It was only natural that Jones's guess as to the direction in which lay Atbara should be somewhat out; it would have been strange indeed if he had guessed right. As a matter of fact, his attempt to do so was by no means a bad one; for, had he directed his steps but a point or two less towards the east, he would have hit off the English position nicely, and would soon have encountered the search-party which presently came out to find him, or have been overtaken by some other friendly company hurrying forward from Berber towards the scene of operations at the junction of Atbara and Nile.
Luckily Jones had sandwiches in his pocket, though he would rather have had a gallon or two of water. The drop or so of whisky in his flask did nothing to assuage his thirst. His throat was parched with the sand, his tongue dry and hot and gritty. He could scarcely see; his ears were clogged. Jones plodded along, now praying for help in his most serious plight—he knew that it was serious, though he scarcely realized perhaps how serious; now recalling his dream and laughing at it; now thinking of every conceivable thing that would serve to blot out the disagreeable present, if but for a few minutes.
Meanwhile the sun had come out, and was blazing away in a manner which made life under its direct rays an unpleasant and almost impossible function. Soon it became unbearable. The wind had dropped, and the sand ceased to fly—a mercy for which Jones felt devoutly grateful. But the heat! The poor lost bimbashi scooped a hole in the ground, piling the displaced sand as high as he could, and lying behind it, in order to get a little shade for his face; and there he lay and sweltered until the sun climbed too high, and drove him out of his shelter. Then he travelled on, his brain on fire, until the burning disc above him had sunk sufficiently to allow him to repeat his expedient of earlier in the day; and now he lay half asleep, half comatose, until the cool of evening revived him, and he rose and plodded forward once more.
"I shall go on till I drop, anyway!" soliloquized Bimbashi Jones, like the brave man he was; and then, because he was still a very young man, and because he felt, as any one justly might do under the circumstances, extremely sorry for himself, he shed a few tears of pity over the melancholy fate which impended. "I might have done rather well," he reflected. "I had made a good start—every one said so; but misfortune dogs me wherever I go!" and Jones thought of his disappointment in England, of his illness at Cairo, of this crowning disaster; and he shed a few more consoling tears.
That night Jones, plodding obstinately forward, stumbling, weary, only half conscious, nearly dead with thirst, struck suddenly into country of a different character from the unbroken sand plain through which he had been travelling up to this moment.
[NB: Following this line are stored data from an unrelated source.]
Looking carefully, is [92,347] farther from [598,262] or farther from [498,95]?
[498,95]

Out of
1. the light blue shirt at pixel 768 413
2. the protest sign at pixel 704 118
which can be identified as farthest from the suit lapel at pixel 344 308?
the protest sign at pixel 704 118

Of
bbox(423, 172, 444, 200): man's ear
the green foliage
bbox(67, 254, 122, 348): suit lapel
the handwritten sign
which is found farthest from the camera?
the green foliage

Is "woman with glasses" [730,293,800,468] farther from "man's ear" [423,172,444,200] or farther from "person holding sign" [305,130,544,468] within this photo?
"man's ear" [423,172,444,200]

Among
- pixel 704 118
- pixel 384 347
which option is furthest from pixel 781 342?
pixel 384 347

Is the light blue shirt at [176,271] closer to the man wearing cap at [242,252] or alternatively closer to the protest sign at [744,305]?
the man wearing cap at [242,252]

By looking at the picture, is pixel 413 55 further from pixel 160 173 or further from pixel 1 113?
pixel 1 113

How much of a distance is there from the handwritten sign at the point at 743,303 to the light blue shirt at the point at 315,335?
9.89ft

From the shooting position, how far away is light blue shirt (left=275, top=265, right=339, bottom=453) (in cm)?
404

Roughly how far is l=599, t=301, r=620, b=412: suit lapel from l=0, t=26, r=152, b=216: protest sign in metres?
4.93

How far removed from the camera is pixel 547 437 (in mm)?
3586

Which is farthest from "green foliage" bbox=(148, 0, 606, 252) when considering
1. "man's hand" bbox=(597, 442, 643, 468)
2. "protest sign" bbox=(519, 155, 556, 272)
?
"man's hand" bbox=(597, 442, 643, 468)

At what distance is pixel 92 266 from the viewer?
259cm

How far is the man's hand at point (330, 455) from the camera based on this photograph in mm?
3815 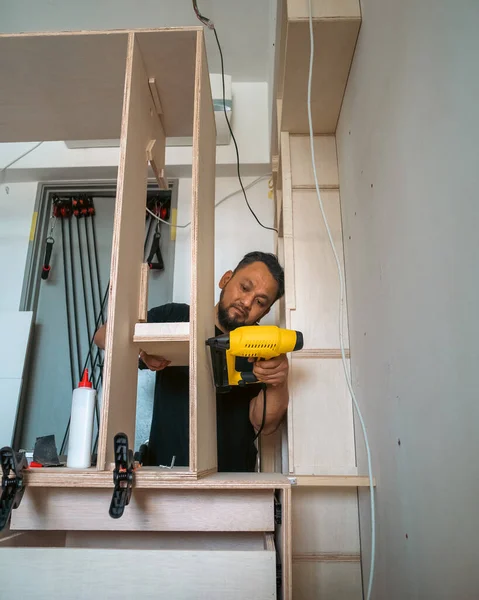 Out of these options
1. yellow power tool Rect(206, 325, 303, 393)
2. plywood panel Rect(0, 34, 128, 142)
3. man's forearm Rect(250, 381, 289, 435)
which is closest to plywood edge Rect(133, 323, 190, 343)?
yellow power tool Rect(206, 325, 303, 393)

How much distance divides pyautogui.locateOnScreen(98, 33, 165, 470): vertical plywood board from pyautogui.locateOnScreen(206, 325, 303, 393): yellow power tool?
0.71ft

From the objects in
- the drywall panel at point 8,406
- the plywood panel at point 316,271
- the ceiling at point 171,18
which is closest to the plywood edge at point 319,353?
the plywood panel at point 316,271

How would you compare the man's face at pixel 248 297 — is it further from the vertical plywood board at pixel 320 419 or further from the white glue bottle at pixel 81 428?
the white glue bottle at pixel 81 428

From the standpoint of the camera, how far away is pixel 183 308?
6.24ft

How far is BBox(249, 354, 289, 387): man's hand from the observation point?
129 cm

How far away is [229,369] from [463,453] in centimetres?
70

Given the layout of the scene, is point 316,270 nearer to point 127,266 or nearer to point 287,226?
point 287,226

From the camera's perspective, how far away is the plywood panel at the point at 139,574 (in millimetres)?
→ 752

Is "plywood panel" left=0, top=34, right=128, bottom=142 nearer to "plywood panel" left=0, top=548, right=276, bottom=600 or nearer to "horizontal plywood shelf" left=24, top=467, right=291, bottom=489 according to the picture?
"horizontal plywood shelf" left=24, top=467, right=291, bottom=489

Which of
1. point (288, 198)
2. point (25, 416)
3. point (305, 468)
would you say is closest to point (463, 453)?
point (305, 468)

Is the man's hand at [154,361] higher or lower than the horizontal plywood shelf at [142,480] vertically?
higher

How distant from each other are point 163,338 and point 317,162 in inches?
39.6

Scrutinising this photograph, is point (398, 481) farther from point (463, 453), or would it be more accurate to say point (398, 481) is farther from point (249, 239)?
point (249, 239)

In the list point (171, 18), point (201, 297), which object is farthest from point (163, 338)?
point (171, 18) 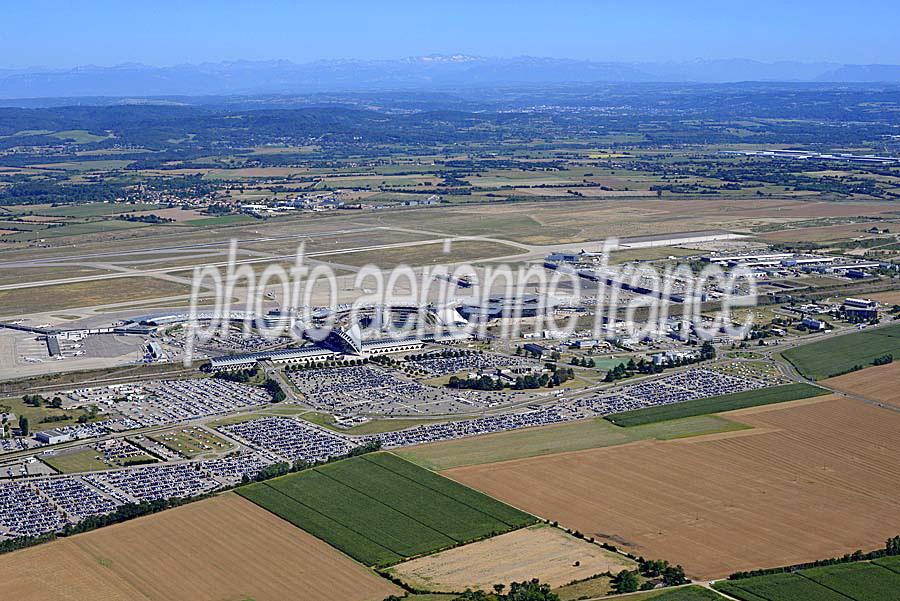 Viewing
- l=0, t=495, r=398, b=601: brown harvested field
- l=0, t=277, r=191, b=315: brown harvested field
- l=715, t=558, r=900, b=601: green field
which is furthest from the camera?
l=0, t=277, r=191, b=315: brown harvested field

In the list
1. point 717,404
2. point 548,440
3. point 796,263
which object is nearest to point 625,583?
point 548,440

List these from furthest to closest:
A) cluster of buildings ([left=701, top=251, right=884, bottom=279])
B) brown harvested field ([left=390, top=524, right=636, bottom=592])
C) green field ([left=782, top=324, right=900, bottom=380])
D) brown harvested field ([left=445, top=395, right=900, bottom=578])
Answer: cluster of buildings ([left=701, top=251, right=884, bottom=279]) < green field ([left=782, top=324, right=900, bottom=380]) < brown harvested field ([left=445, top=395, right=900, bottom=578]) < brown harvested field ([left=390, top=524, right=636, bottom=592])

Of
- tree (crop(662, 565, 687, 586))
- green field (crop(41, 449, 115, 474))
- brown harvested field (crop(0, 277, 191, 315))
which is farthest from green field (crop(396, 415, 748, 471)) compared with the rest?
brown harvested field (crop(0, 277, 191, 315))

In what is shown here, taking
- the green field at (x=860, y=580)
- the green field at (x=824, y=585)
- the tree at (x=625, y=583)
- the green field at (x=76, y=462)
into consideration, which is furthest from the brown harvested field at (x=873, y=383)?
the green field at (x=76, y=462)

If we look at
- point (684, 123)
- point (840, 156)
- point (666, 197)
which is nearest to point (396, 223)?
point (666, 197)

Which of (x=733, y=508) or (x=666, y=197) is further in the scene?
(x=666, y=197)

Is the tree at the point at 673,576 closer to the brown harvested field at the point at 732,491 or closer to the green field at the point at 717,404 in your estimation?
the brown harvested field at the point at 732,491

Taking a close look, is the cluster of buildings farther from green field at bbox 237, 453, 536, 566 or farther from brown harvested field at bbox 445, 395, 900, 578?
green field at bbox 237, 453, 536, 566

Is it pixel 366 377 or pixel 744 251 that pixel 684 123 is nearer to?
pixel 744 251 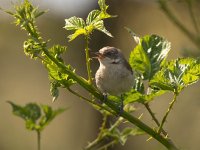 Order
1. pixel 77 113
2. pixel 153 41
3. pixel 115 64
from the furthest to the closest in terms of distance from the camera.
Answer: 1. pixel 77 113
2. pixel 115 64
3. pixel 153 41

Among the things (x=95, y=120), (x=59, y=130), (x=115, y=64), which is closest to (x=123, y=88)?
(x=115, y=64)

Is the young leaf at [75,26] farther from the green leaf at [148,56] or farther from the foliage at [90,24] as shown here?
the green leaf at [148,56]

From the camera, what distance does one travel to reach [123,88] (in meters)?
2.61

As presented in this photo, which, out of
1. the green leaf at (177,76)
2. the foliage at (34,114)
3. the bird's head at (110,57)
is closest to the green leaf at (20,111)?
the foliage at (34,114)

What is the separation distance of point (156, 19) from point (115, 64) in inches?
359

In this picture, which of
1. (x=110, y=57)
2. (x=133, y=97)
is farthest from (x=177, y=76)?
(x=110, y=57)

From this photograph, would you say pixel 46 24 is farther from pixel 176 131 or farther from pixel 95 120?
pixel 176 131

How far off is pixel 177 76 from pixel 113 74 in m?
1.39

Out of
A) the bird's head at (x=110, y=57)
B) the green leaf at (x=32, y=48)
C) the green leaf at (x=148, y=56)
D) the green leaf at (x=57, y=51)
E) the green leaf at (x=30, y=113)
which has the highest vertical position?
the green leaf at (x=32, y=48)

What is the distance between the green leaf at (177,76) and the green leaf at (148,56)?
0.08m

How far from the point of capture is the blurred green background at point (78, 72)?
34.0 ft

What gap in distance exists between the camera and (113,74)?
306 cm

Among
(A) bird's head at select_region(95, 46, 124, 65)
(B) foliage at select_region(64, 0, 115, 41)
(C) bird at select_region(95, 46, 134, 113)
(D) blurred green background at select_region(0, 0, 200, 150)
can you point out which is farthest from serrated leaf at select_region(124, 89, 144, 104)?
(D) blurred green background at select_region(0, 0, 200, 150)

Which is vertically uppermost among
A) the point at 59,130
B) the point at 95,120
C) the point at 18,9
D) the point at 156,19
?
the point at 18,9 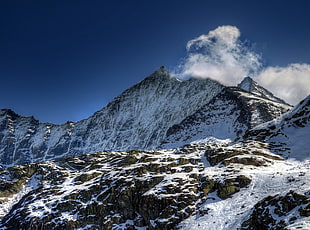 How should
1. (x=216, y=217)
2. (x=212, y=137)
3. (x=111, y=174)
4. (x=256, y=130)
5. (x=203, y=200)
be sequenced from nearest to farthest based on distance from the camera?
(x=216, y=217) < (x=203, y=200) < (x=111, y=174) < (x=256, y=130) < (x=212, y=137)

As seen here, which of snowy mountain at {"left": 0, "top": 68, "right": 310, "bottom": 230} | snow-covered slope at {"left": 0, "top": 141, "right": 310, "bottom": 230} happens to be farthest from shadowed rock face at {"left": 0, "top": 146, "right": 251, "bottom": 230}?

There was scrub to be pushed through, mimosa bushes, and other greenery.
"Thanks be to God!" exclaimed the bimbashi, for even his baked brain was able to comprehend the significance of the change. "I am coming to the Nile!"
It was not the Nile but the Atbara which Jones had struck well above the Anglo-Egyptian portion; but, oh! the joy of that first big drink of nasty water, and the long-continued, delicious sluicing of the burning head, wherein the fire had raged without ceasing for a twelve-hour round, and would scarcely now be extinguished even though Jones would bring the whole flood of the Atbara to bear upon it.
Then Jones finished his sandwiches and felt a man once more, though a weary one. He thanked Heaven for mercies received, and lay down to sleep until wakened by—yes, actually by the cold. He must move on.
How different the travelling was now! He would not leave the river again, the wanderer wisely resolved. He would follow it until the British position was reached; it could not be far now.
Poor bimbashi! The British fort lay behind him, and he was speeding away in the wrong direction—into the arms, indeed, of Mahmoud, had he only known it.